The third and fourth floors of the addition would be set back several metres from the William Street façade, according to a report on the proposed alterations, recommended by City of Ottawa heritage staff.
Meanwhile, staff support plans to reconstruct and restore the brick façades of the “severely” damaged adjacent buildings at 41-41 ½ William St. and adding a set-back mezzanine on top of that roof.
The William Street properties have heritage designation under the Ontario Heritage Act, so the owners have to get permission from the city council to make substantial changes to the buildings.
The proposed height of the addition behind Vittoria Trattoria — which sits among two-storey, flat-roofed buildings — generated some concerns during the heritage subcommittee’s meeting on Tuesday.
Public subcommittee member Jennifer Halsall moved a motion asking to limit the addition to three storeys total, arguing that four is “visually incompatible with the historic integrity of William Street.

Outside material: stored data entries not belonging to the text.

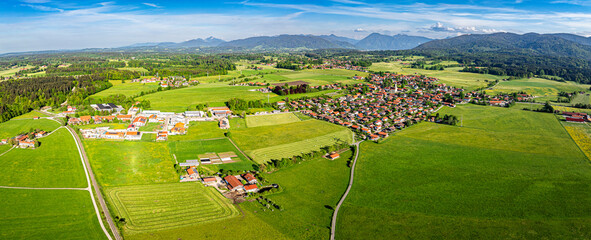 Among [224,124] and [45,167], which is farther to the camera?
→ [224,124]

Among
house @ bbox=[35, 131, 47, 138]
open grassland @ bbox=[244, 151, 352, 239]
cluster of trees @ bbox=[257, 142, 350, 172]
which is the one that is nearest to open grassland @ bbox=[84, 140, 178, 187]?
house @ bbox=[35, 131, 47, 138]

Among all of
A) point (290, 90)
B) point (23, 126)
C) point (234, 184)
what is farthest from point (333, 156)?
point (23, 126)

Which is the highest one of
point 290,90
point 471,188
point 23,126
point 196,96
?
point 290,90

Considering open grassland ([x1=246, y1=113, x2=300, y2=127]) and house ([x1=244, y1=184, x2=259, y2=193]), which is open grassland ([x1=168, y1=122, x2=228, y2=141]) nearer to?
open grassland ([x1=246, y1=113, x2=300, y2=127])

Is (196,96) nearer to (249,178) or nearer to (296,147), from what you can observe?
(296,147)

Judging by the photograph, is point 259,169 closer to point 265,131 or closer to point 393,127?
point 265,131

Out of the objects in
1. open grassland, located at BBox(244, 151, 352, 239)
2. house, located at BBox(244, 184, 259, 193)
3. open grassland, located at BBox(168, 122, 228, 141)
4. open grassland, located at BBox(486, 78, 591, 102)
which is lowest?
open grassland, located at BBox(244, 151, 352, 239)

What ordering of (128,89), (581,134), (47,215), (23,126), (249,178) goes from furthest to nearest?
(128,89) < (23,126) < (581,134) < (249,178) < (47,215) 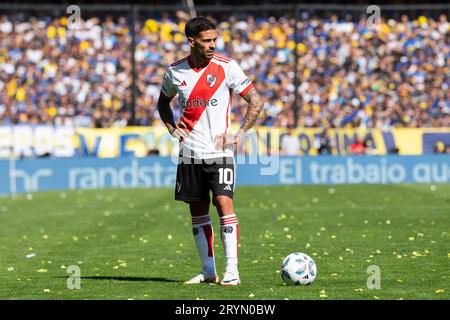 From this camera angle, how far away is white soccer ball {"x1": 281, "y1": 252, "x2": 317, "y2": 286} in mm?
9875

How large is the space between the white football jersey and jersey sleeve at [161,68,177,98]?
0.06ft

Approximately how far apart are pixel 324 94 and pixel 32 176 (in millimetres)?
10389

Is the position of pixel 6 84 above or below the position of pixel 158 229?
above

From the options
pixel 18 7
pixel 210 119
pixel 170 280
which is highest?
pixel 18 7

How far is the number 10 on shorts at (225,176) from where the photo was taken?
10.1 meters

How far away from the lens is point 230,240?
10047 millimetres

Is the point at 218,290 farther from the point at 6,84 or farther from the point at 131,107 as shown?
the point at 6,84

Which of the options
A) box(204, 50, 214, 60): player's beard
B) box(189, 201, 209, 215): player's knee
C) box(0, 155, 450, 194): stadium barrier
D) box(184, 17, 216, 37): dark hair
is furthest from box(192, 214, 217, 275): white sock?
box(0, 155, 450, 194): stadium barrier

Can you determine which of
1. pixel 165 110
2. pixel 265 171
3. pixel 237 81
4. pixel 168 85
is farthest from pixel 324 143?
pixel 237 81

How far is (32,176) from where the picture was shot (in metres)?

Sally Coutts of the city’s heritage department said staff conducted studies of how the addition would look from different views and determined that four storeys doesn’t have an “adverse impact” on the “heritage character” of the ByWard Market.
The property owners originally asked for six storeys and heritage staff refused, Coutts noted.
Asked whether the alterations for his properties approved Tuesday are what he wanted, [the building owner] said he would’ve preferred a taller addition but agrees that four storeys is “a reasonable height” after talking to his consultants and heritage staff.
“More density means more units, more money. But we’re also sympathetic to the needs and climate and the character of the ByWard Market and we don’t want to ruin that,” he said.